## RAW DATA
- - -

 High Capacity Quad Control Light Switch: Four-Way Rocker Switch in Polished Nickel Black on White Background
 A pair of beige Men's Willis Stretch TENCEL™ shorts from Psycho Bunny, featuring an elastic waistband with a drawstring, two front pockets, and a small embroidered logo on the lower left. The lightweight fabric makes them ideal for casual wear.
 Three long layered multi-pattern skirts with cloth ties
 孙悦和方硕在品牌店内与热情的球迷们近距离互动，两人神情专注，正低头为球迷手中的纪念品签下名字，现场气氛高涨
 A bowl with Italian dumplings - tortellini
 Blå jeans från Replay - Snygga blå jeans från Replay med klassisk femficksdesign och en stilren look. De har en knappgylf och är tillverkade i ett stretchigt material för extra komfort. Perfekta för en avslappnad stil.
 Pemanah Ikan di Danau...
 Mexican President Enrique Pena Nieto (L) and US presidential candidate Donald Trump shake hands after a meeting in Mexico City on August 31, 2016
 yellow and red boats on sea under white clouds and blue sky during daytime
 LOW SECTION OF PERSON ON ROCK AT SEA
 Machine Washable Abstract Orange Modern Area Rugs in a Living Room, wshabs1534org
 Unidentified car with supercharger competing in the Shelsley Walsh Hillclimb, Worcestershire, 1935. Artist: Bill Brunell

- - -

## PROBLEM DETAILS
Whenever the word "with" appears in a line of the listing, report that line.

## EXERCISE OUTPUT
 A pair of beige Men's Willis Stretch TENCEL™ shorts from Psycho Bunny, featuring an elastic waistband with a drawstring, two front pockets, and a small embroidered logo on the lower left. The lightweight fabric makes them ideal for casual wear.
 Three long layered multi-pattern skirts with cloth ties
 A bowl with Italian dumplings - tortellini
 Unidentified car with supercharger competing in the Shelsley Walsh Hillclimb, Worcestershire, 1935. Artist: Bill Brunell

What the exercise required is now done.